Jumat, 08 November 2013

Es Klining

Grafis: Imam ES

Es klining atau es batu orang kebanyakan menyebutnya demikian, dimasa tahun 80-an es semacam itu adalah sangat lazim dan merakyat bagi kalangan kebiasaan di kampung. Warnanya, merah, kuning, putih dan hijau adalah warna dasar dari lemon sirup yang dibekukan dalam kantong plastik yang memanjang dan di ujungnya diikat dengan karet plastik.

Dalam menjajagannya es itu ditaruh di dalam teremos es yang bentuknya sangat sederhana yaitu seperti teremos air panas pada umumnya, hanya teremos es ini lebih lebar dan tinggi dengan tutupnya dari kayu bulat dan sedikit diganjal kain atau plastik.

Dan bunyi khas jinggelnya adalah menggunakan tutup bel bekas sepeda ontel yang disambung dengan kayu sebagai pegangan dan di dalamnya diikat sebuah cincin atau mur bekas dengan tali kain atau plastic, maka ketika di goyang maka bunyilah klining-klinig. Seperti bel sepeda ontel

------------------------------
Grafis: Imam ES

Sebelum berangkat sekolah, tugas awal yang sudah menyapa tiap hari adalah mengambil teremos es di tempat juragan es. Pagi masih mengembun, langkah kaki mungil itu terus menembus rumput basah diantara kakinya.

Tanganya sesekali menyapa daun-daun teh-tehan dipinggir jalan, dingin dan menyekan jemarinya. Sesekali ia menerobos jalan untuk mempercepat langkahnya, badan masih belum segar karena belum diguyur jernihnya air sumur dirumahnya. Dalam benaknya hanya terpikirkan untuk bisa sampai dan menjual esnya dengan sukses.

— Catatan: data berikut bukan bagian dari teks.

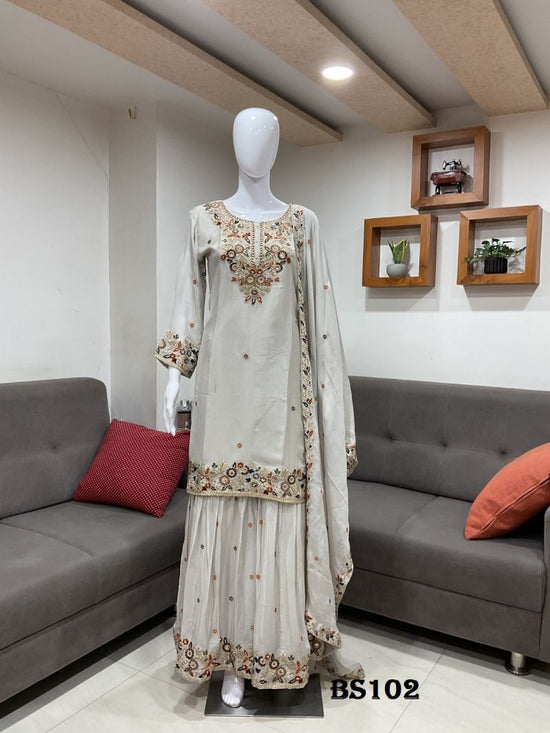 Amrah Wholesale Beriston Bs 102 Pure Chinon Heavy Handwork Embroidered Salwar Kameez Set - Amrah Wholesale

Ditaruhlah teremos es itu di ujung sudut ruangan yang biasa untuk berjualan, ia lantas masuk dan membuka bajunya untuk mandi dan siap-siap kesekolah. Tidak jauh memang tempat ia bersekolah, hanya berjarak satu rumah didepannya.

Kini ia asik dengan tugas keduannya yaitu belajar dan mengerjakan tugas sekolah, bajunya yang sangat rapih adalah setrikaan ibundanya yang rajin dengan gosokan arangnya. Bunyi lonceng pertanda istirahat telah berbunyi, semburat anak-anak meluncur dari ruang kelas masing-masing.

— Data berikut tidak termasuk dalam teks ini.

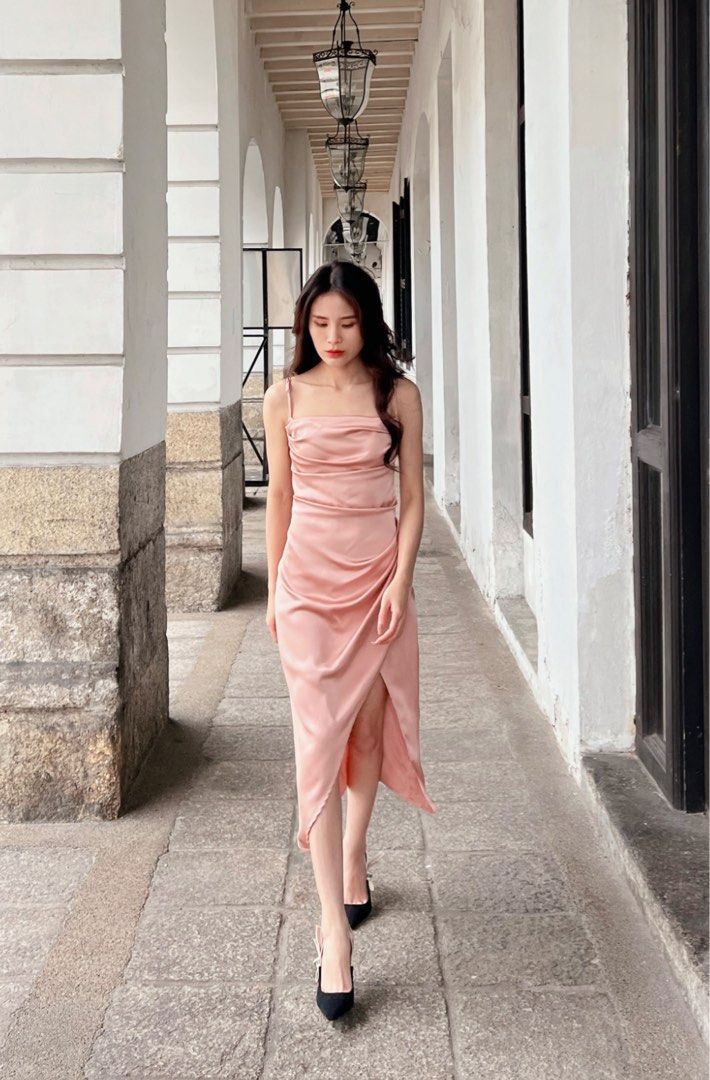 esme padded satin column drape midi dress S) Esme Satin Column Drape Midi Dress in Peach Pink, Women's Fashion,  Dresses & Sets, Dresses on Carousell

Tampak anak lelaki berbadan kecil menghentikan langkah larinya dari ruang kelas, ia melihat teremos yang ia letakan di warung tadi, ia melihatnya dengan girang sebab banyak yang membelinya. Sampai jam sekolah usai, ia langsung mengambil teremos itu dan ternyata masih tersisa separuh lebih sedikit. Mukanya tidak lagi gembira seperti jam istirahat tadi, kini ia mengambil teremosnya dan membawanya pulang.

Setelah berganti baju dan makan siang, ia kembali mengambil teremos itu dan menjajakannya keliling kampong, ia duduk dan melihat teman-teman sebayanya bermain asik di pekarangan. Ia hanya sesekali tersenyum sambil menggoyang-ngoyangkan bel  ditangannya sebagai tanda ia menjajagan es kliningnya.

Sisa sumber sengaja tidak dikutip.